Così come l’abbattimento delle frontiere e la moneta unica hanno reso il mondo sempre più interconnesso, così la pervasività di Internet ad alta velocità e gli sviluppi del mobile stanno rendendo il lavoro qualcosa di diverso da come era prima. Spazio e tempo non sono più limiti invalicabili ma opportunità. Pensiamo ad esempio alle classiche riunioni in un’azienda di grandi dimensioni: prima i diretti interessati dovevano muoversi fisicamente per raggiungere la sede dell’incontro, spesso attraversare gli oceani, mentre ora basta un software sul Pc e la distanza è annullata.
Il tempo reale reso possibile dalle connessioni veloci sta mutando anche il concetto di lavoro. Nelle aziende più evolute stanno già sparendo gli uffici in senso fisico, sostituiti da stanze virtuali dove i professionisti, in videoconferenza, interagiscono e prendono decisioni. Consentendo al tempo stesso all’azienda un notevole risparmio in termini di risorse. Il telelavoro e il lavoro flessibile (part-time, ad esempio) sono realtà consolidate quasi ovunque, ma in Italia faticano a prendere piede. Il motivo non è solo culturale, ma soprattutto normativo.
L’Italia non è un Paese per lavoratori flessibili, perché il termine viene ancora concepito dalle aziende come un semplice modo per aggirare la legge e risparmiare barando. Flessibilità in Italia significa soprattutto lavoro a nero o con contratti molto fantasiosi, ma anche chi è “regolare” deve pagare uno scotto pesante per la sua scelta (volontaria o meno). Lo dimostra uno studio condotto dall’osservatorio sul Diversity management della Sda Bocconi di Milano, che ha preso in considerazione 52 mila lavoratori nel periodo 2007-2010, distribuiti su due grandi aziende.
Come riporta Repubblica, “l’unica forma di flessibilità prevista era il part-time, utilizzato dal 13,2% del personale, in larga parte donne. Rispetto ai colleghi a tempo pieno, quelli a orario parziale sono risultati penalizzati. La loro valutazione di fine anno è sempre stata più bassa: solo il 10,5% dei part time ha ricevuto i punteggi più alti in assoluto contro il 21,5% dei full time. La disparità di trattamento è ancora più evidente in termini di passaggi di livello contrattuale: l’88,3% dei lavoratori part-time non ne ha registrato nessuno, contro il 72,7% dei full-time. I fortunati che hanno fatto due o più salti di livello sono il 5,7% dei full-time e lo 0,8% dei part-time. Infine, anche gli incrementi salariali non legati ai passaggi di livello sono stati attribuiti di preferenza ai lavoratori a tempo pieno”.

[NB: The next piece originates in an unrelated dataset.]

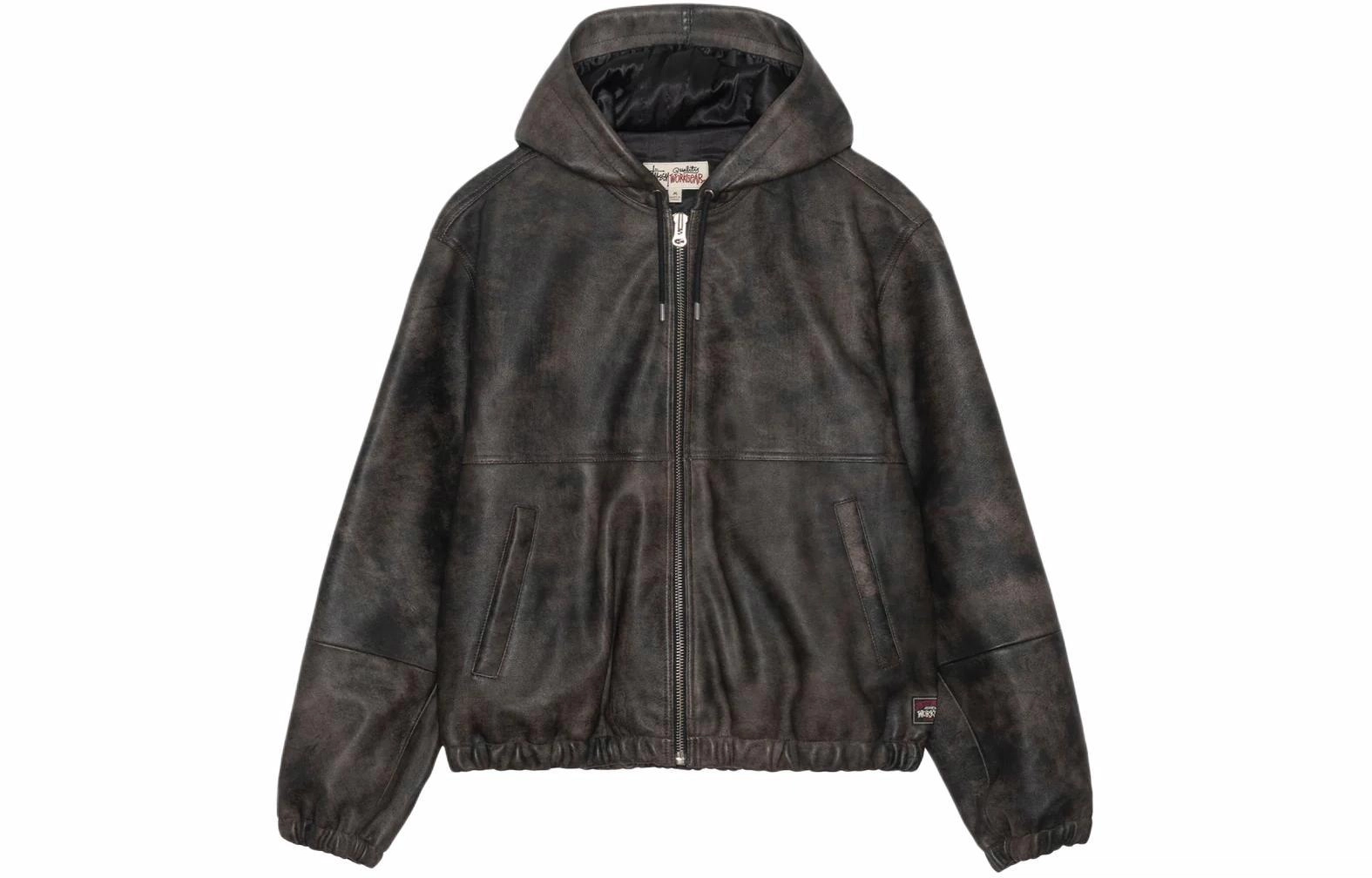 Stussy SS24 Drop2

Chi lavora meno produce meno? Non è assolutamente vero, e anzi la ricerca ha confermato quel che il buon senso suggeriva, ovvero che lavorare meno spesso porta risultati migliori. Nonostante questo, però, i lavoratori flessibili in Italia vivono in una sorta di ghetto pieno di incertezze. Solo uno stolto non si renderebbe però conto dei vantaggi di questo modello organizzativo, che unito al telelavoro e ai vantaggi di Internet non si limitano a trasformare il concetto di azienda, ma lo cambiano in meglio in termini di efficienza.